After manufacture, the IC dies are typically incorporated into IC packages that may contain one or several such dies. Typically, a die is mounted on the surface of a substrate by a layer of epoxy, and electrical contact pads on the upper surface of the die are then connected to the substrate by gold bond wires. In lieu of contact pads used for gold bond wires, solder balls can also be provided on the upper (i.e., active) surface of the die for connections between the die and the substrate; in which case the active surface of the die is face down. A molding compound then encapsulates the die and the bond wires, providing environmental protection and defining the semiconductor IC package. These IC packages, or modules, are then typically mounted on printed circuit boards.
Heat management through such an IC package structure can be critical. The internal thermal resistance and thermal performance of the packaged die are determined by a series of heat flow paths. By making high heat conductivity connections between the bottom of the die and the package substrate, the heat generated by the die can be transferred efficiently from the die to the substrate and then out of the IC package. Often, however, the amount of heat generated in the die is more than can be efficiently transferred in this manner, thus requiring the attachment of a heat spreader to the top of the IC package.
With the ever-decreasing sizes of electronic devices, die-sized IC packages have been developed in which the dimensions of the IC package are almost the same as those of the semiconductor die that is encapsulated inside the IC package. With dimensions so small, it is very difficult to cost-effectively mount die-sized heat spreaders on die-sized IC packages. As a result, some IC packages are mounted on circuit boards without a heat spreader. This may reduce the overall manufacturing and assembly costs, but it increases the risk of making the encapsulated semiconductor die prone to temperature-related damage and lower operating efficiency.
It is similarly difficult and expensive to pre-attach external individual heat spreaders to such small, die-sized IC packages in the factory, or to embed individual heat spreaders into the IC packages themselves as they are being manufactured, where such individual heat spreaders are each made for each package.

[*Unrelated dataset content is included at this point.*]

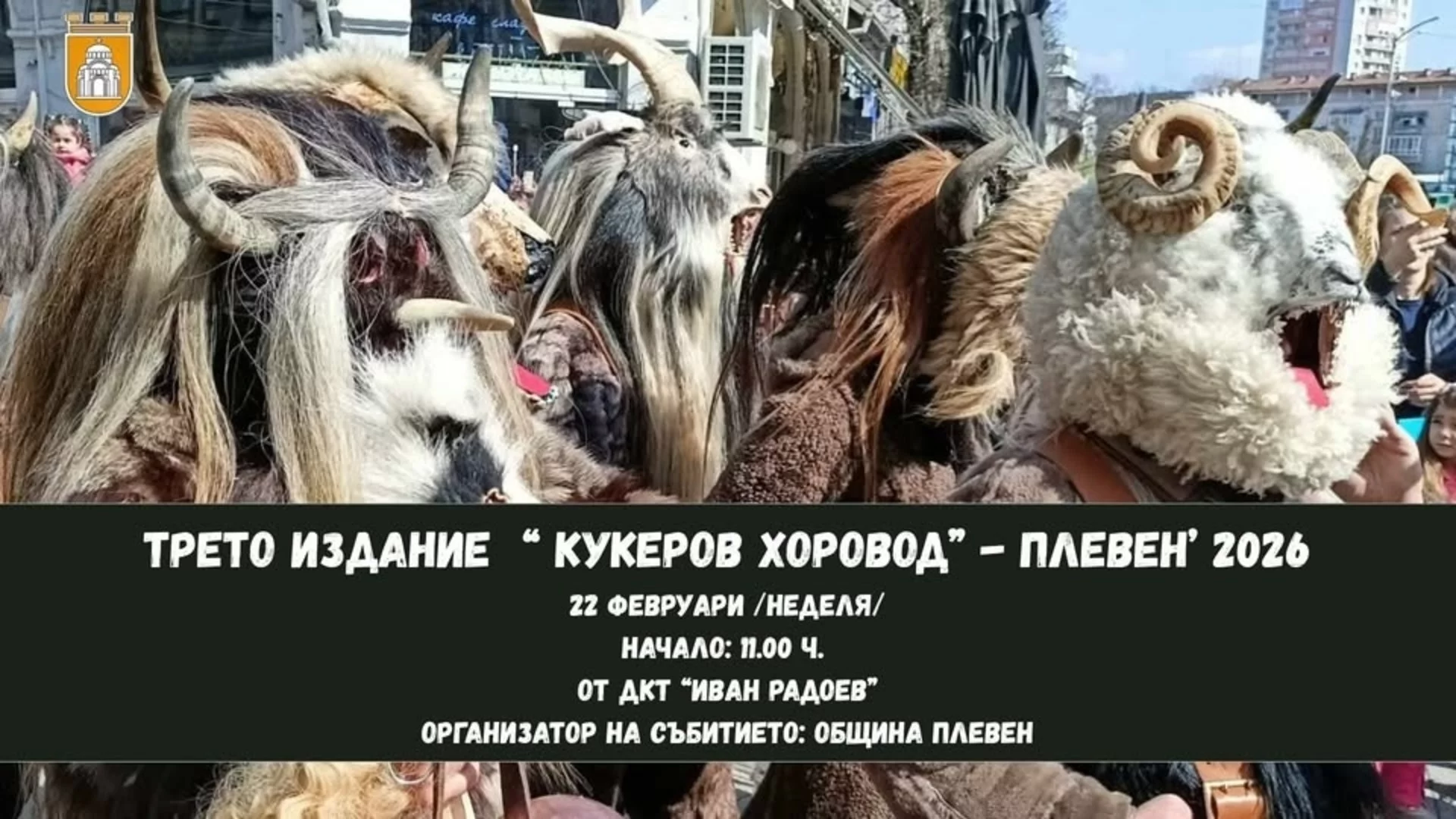 Ето кога ще се проведе третото издание на "Кукеров хоревод"-Плевен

Mounting a die-sized heat spreader accurately onto an IC package is a process that requires high mounting precision, which adversely increases overall packaging time and costs. Likewise, it is very difficult to control and maintain the precise alignment required to position a heat spreader for embedding within an IC package during encapsulation while the package is being manufactured.
These problems are made even worse by modern, high-performance package configurations. For example, in an effort to improve heat conduction downwardly to the motherboard, high thermal conductivity (“high-k”) epoxy molding compounds (“EMCs”) and multi-layer substrates have been used. However, high-k EMCs are expensive and difficult to process. Moreover, their high filler content increases stresses in the IC packages and on the die surfaces. Multi-layer substrates are also expensive, and they remove heat only through the motherboard. Therefore, external heat spreaders may still be needed, especially for a motherboard that has several heat-generating IC packages thereon.
Thus, a need remains for economical, readily manufacturable heat spreaders for small, die-sized IC packages, and particularly for heat spreaders that can be easily embedded directly within such packages. In view of the ever-increasing need to reduce costs and improve efficiencies, it is more and more critical that answers be found to these problems.
Solutions to these problems have been long sought but prior developments have not taught or suggested any solutions and, thus, solutions to these problems have long eluded those skilled in the art.